## Data section
= = = =
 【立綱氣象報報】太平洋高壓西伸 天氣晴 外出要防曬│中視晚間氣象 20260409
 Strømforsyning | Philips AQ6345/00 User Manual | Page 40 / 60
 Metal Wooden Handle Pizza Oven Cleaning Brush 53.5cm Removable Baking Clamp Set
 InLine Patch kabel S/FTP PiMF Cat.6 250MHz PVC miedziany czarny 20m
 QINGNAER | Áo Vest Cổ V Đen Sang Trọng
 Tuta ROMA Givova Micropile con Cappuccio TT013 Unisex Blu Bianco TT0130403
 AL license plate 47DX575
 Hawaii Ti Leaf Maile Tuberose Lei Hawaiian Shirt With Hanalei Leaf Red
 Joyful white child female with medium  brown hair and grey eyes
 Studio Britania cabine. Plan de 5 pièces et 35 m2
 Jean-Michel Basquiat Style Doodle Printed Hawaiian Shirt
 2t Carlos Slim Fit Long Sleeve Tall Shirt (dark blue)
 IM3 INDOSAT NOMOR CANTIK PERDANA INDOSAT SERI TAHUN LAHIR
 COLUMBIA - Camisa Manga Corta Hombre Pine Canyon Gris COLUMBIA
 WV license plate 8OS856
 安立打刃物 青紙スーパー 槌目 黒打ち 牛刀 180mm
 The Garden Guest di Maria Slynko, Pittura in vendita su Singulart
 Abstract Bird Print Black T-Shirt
= = = =
## What you need to do
Where the line containing "The Garden Guest" appears in the records above, begin copying and continue through the last line; copy each line exactly and include no others.

## Written solution
 The Garden Guest di Maria Slynko, Pittura in vendita su Singulart
 Abstract Bird Print Black T-Shirt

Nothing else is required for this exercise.